Matas com fogo, logo a seguir com gelo,
Fenómeno estranho e aterrador,
Ruges e ignoras receoso apelo
Qual demónio feroz, arrasador.
A Terra aquecida é o teu alento,
Mas, ingrato, logo a queres sufocar,
Vomitas lava, lanças cinzas ao vento,
Estéril a tornas, inapta a cultivar.
E tu degelo, que vírus irás tu soltar?
Quantas novas doenças irás tu trazer?
Que efeitos esperar das correntes que vais arrefecer?
Quantas migrações irá o teu gélido abraço provocar?
Ó mar salgado, quem te fez assim crescer?
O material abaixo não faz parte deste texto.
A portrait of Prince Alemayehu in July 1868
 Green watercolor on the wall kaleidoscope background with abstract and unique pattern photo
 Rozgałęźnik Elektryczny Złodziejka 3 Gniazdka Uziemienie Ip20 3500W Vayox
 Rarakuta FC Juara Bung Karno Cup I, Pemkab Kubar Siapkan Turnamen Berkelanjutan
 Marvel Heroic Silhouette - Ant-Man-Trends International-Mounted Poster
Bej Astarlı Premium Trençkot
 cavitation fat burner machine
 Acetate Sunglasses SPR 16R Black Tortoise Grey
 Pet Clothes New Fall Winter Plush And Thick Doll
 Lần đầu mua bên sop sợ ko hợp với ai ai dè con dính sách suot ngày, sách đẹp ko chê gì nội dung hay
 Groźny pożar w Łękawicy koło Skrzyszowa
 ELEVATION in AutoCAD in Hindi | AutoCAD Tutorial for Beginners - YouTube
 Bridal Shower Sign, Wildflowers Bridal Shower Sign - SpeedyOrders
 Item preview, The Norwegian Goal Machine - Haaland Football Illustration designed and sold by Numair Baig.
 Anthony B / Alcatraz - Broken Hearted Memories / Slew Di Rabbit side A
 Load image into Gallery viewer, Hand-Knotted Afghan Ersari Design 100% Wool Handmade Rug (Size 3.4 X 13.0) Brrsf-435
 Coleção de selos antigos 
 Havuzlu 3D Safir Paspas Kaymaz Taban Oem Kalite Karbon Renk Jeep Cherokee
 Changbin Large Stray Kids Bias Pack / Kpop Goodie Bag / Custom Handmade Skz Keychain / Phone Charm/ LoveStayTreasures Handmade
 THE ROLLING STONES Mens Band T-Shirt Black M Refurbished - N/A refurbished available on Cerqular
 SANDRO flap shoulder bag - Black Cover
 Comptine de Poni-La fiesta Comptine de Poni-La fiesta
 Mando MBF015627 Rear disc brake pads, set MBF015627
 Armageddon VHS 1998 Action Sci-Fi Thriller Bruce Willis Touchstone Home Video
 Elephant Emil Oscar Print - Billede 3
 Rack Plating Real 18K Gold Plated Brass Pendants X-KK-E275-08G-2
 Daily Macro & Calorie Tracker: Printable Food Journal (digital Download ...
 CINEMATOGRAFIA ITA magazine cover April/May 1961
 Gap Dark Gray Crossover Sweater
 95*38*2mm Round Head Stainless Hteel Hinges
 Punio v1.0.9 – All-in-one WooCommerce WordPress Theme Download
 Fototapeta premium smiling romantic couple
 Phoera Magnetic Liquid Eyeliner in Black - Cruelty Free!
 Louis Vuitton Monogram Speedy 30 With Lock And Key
Quantos humanos irás tu afogar?
Quantas terras irás tu, voraz, comer?
Quantas guerras irás tu originar?
E quem escancarou as portas aos raios nocivos
Do Sol, que sempre nos ajudou mas que agora
Queima a pele, esteriliza os solos, aquece
Oceanos e provoca tempestades indomáveis?
Das florestas somos também os verdugos
Cortando-lhe e queimando-lhe os pulmões,
Vítimas inocentes da insaciável ganância,
Do desenfreado consumo que tudo consome.
E não seremos nós responsáveis
Pela dependência do plástico, pela poluição dos Oceanos?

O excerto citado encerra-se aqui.